Examples of using "álom" in a sentence and their turkish translations:
O bir rüyaydı.
O sadece bir rüya.
Sadece bir rüyaydı.
- Hayat bir rüya.
- Hayat bir rüyadır.
Sadece bir rüyaydı.
Bu bir hayal mi?
Bu hayal gerçekleşecek.
- Bu hayal gerçekleşecek.
- Bu rüya çıkacak.
- Bu hayal gerçek olacak.
ki akademi, binlerce kişinin hayallerinin yıkıldığı bir yerdir.
Hayal gerçek oldu.
O sadece bir rüya.
En yumuşak yastık temiz bir vicdandır.
O sadece bir rüyaydı
Sen bir rüyasın.
Sadece kötü bir rüya.
Kötü bir rüya gibi.
O sadece kötü bir rüyaydı.
Uzay yolculuğu artık bir hayal değil.
O aynı güzel bir rüya gibi.
Bunun kötü bir rüya olduğunu düşündüm.
Çünkü para gerektiren hayaller
Rüyalar ve gerçeklik arasında seçim yapmak bazen zordur.
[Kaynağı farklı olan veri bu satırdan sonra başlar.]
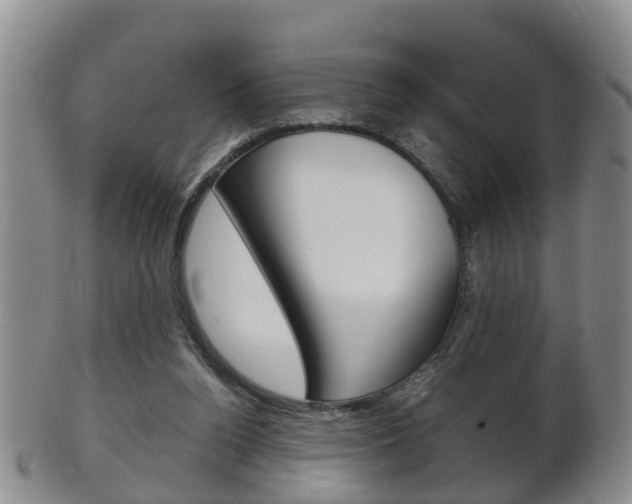 X0000102510160200808081014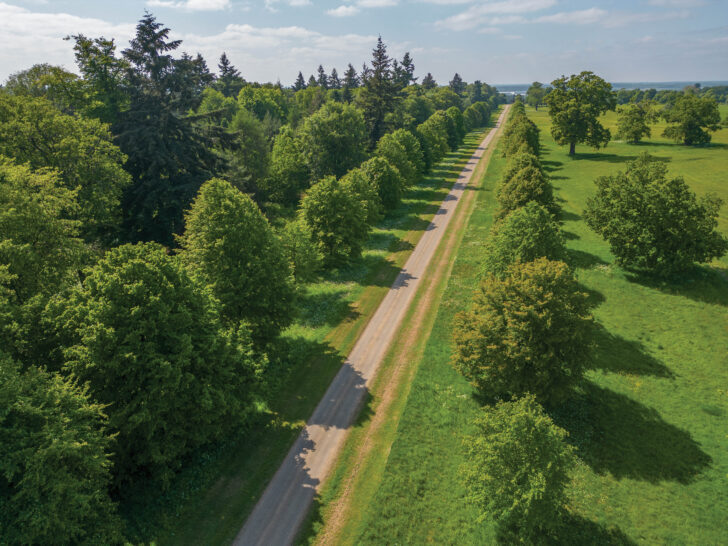 tree lined avenue in parkland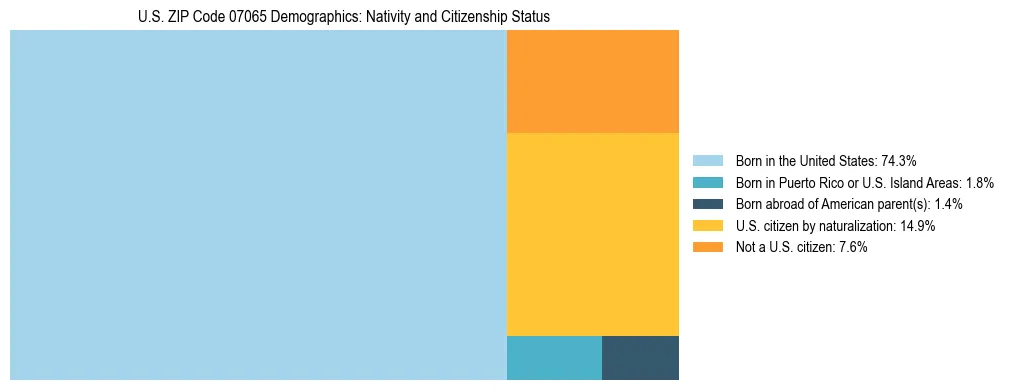 Treemap showing the population distribution by nativity and citizenship status in US ZIP Code 07065 based on U.S. Census data.
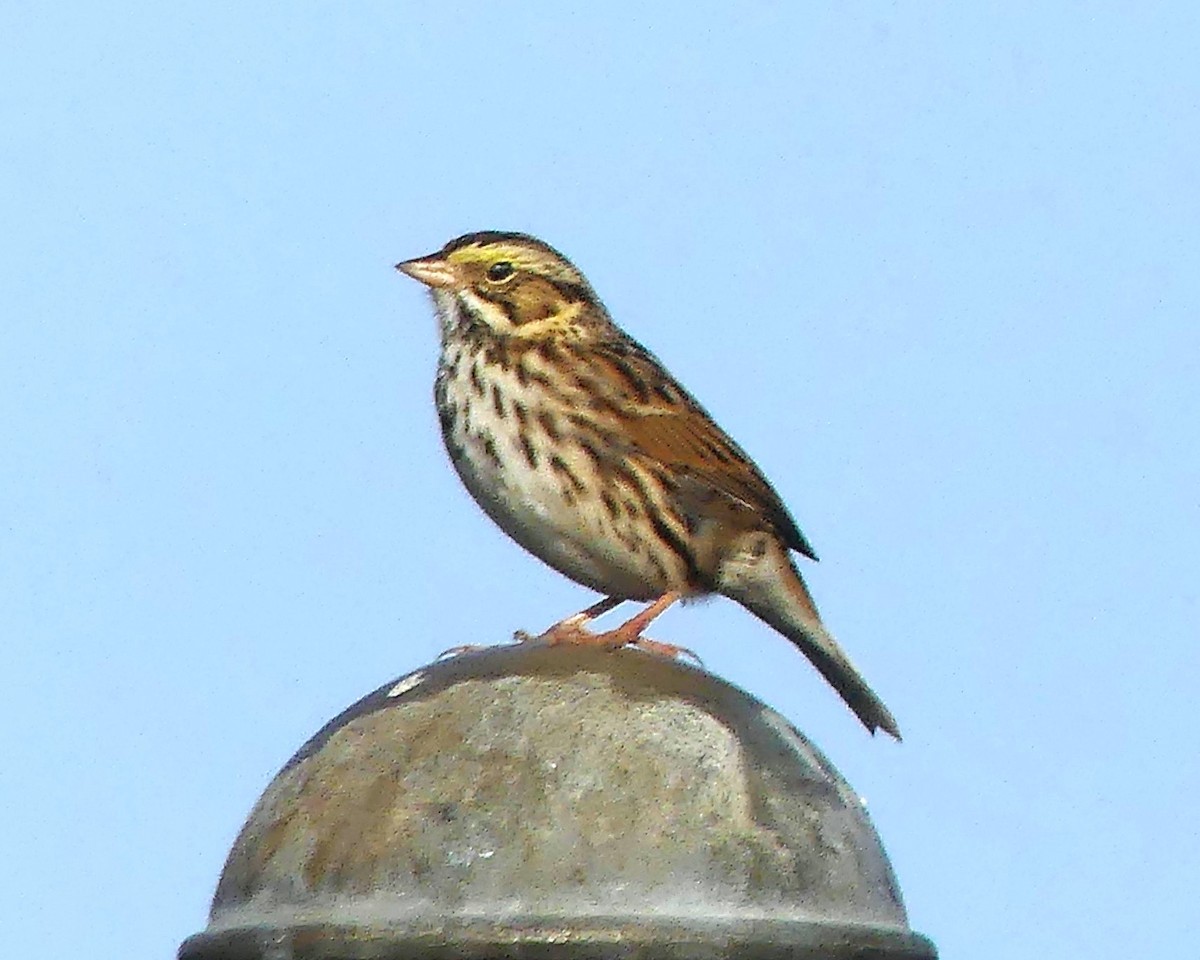 Savannah Sparrow - ML612084468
Bir hayal sona ererken diğeri başlıyordu.
- Uyuyakaldım.
- Uykuya gittim.
O uykuya daldı.
Bana onların hepsinin sadece bir rüya olduğunu mu söylemek istiyorsun?
Amerikan rüyası deniyor çünkü inanman için uyuyor olman gerek.
Bir hayalin gerçekleşmedi diye, hayat bitmedi. Sadece yeni bir yol bulabilesin diye, bir yolun kapanmıştır.